The Reverend Priests spoke of the density of population in the various Districts. Why are the northern and eastern provinces barring Jaffna sparsely populated? It is because those areas are backward, undeveloped and have not even adequate water supply.

No prejudice is caused to the Sinhala people by the incorporation of this area into a single region.

Security of the Tamil people even- in the north & east is endangered by the armed forces which act as an army in occupation. Annexure ‘C’ gives power to the Regional Council’ for the maintenance of internal law & order in the region.

Unless the power is made effective there will be no security to the lives & property of the Tamil people even in these areas. One has to remember the words of Mr. Justice Sansoni at page 276 of his report on the violence in 1977. He says: ‘the incidents that occurred also show that there is a cleavage between the Sinhala & Tamil race’. Any solution will have to recognise this fundamental position.

The cleavage is even more complete after the violence of 1981 and irreversible after the latest pogroms in 1983, No amount of plastering can do away with that cleavage. Any realistic solution has to take cognisance of that fact and workout a structure taking the separation of the two in to consideration.

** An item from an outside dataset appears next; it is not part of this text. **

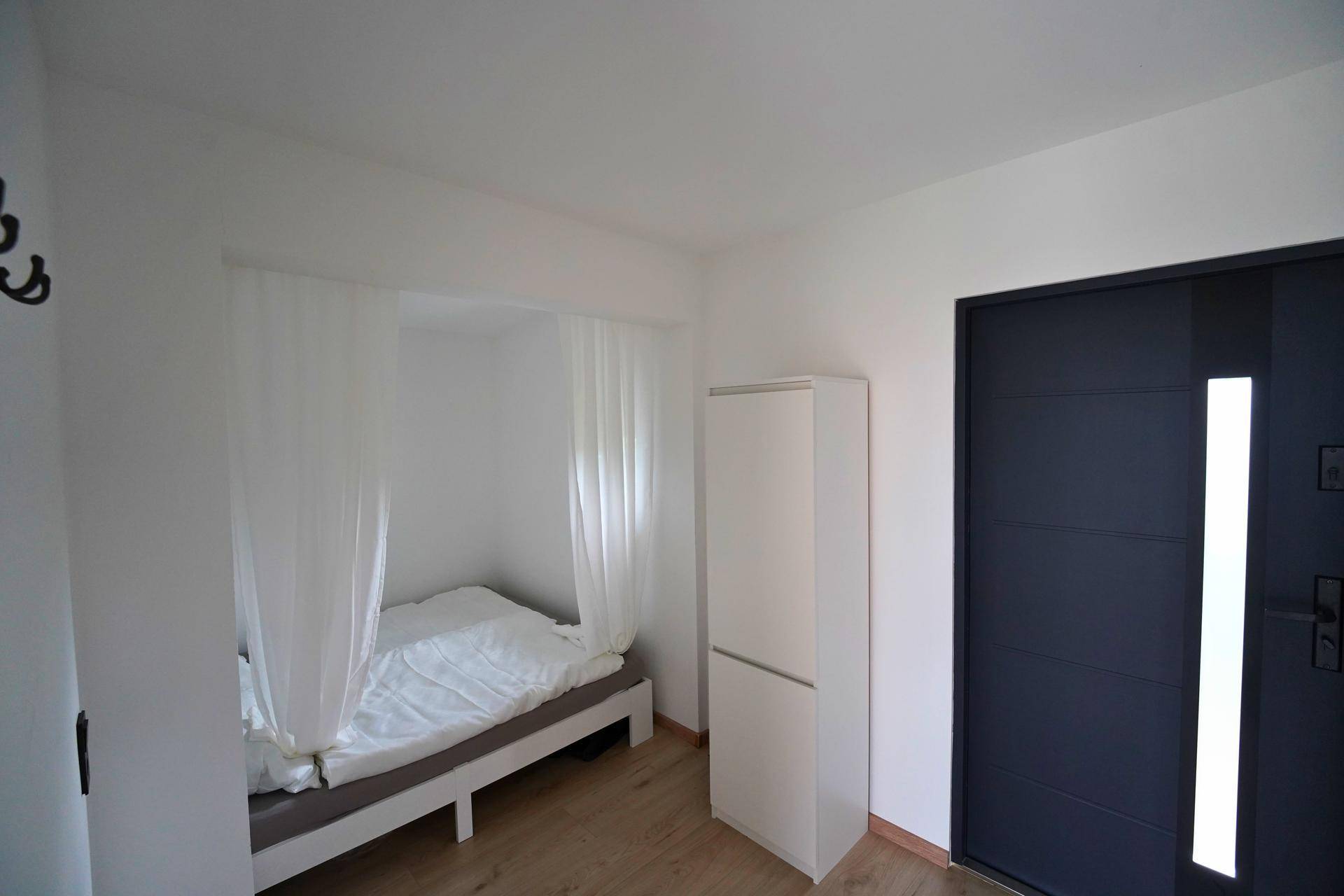 Kleines Schlafzimmer oder Gästezimmer mit Bett in einer Nische und weißem Kleiderschrank.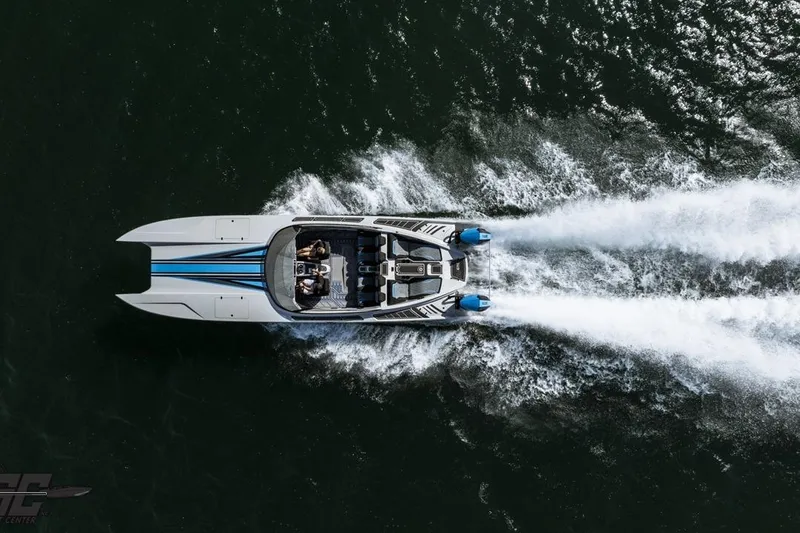 Slide: The Image of Aerial view of 2025 Interceptor 36 GTC speedboat cruising on water. - 11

I would like to refer to a prophetic statement made by Dr. Colvin R. De Silva in the Course of the debate on the Sinhala Only Act in 1956. He in his characteristic way said: Two Languages one state; one language, two states'. He said this to draw pointed attention to the fact if one language is made the Official Language the group deprived of its Rights, that had a sense of injustice will demand separation. Any solution, unless it is founded on justice and the recognition of the integrity of’ the Tamil Nation and its Territorial integrity will never work.

Before I conclude, I have to refer to the element of violence that has entered the body politic of this country. The outbreak of insurgency in South Ceylon was the precursor to this violence. Tamil Youths who were arrested in the early 70s were locked up with youths from the South who were involved in the insurgency. The violent behaviour of the police armed forces against unarmed Tamil people provoked acts of retaliation by some of the Tamil Youths. When nine innocent people were killed by the action of the police at the World Tamil Research Conference in 1974 it was regarded as a challenge to the Tamil manhood. 

Even as the Jallian Wallah Bagh massacre in Punjab gave rise to the emergence of the militant youth movement. The arrest and intense torture of youths led to retaliatory attacks against police officers responsible for this torture, events escalated in this way till we have reached the present difficult situation. 

It has to be mentioned that in the whole of this violence in the Tamil areas not one Sinhala civilian was harmed or killed. What happened in the South is just the opposite.

The answer to this is not torture by the armed forces against youths suspected of involvement in violence and against innocent people. This will only lead to more and more youths joining the ranks of the militants. Even recently, there had been serious crimes committed by the Armed Forces in areas like Vavuniya against Tamil people. What chance is there of identification and punishment of these men? The removal of these armed forces who are acting as an army of occupation in the Tamil areas is absolutely necessary. 

As Your Excellency remarked in your statement in Annexure ‘A-4’ -(1) if these proposals are implemented one may expect violent activity or support for it to whither away. There is no other way of putting a stop to violence. I have no time to deal with the various points that emerged from the speeches of the Rev Priests and others, some of my colleagues will deal with them. In conclusion I will only say whether the country is going to be plunged in further violence or not; whether the country is going to preserve its unity or not; whether the country is going to progress economically or not depends on the outcome of the deliberations of the Conference and I would appeal to all to work out a solution on the basis of justice and fair play.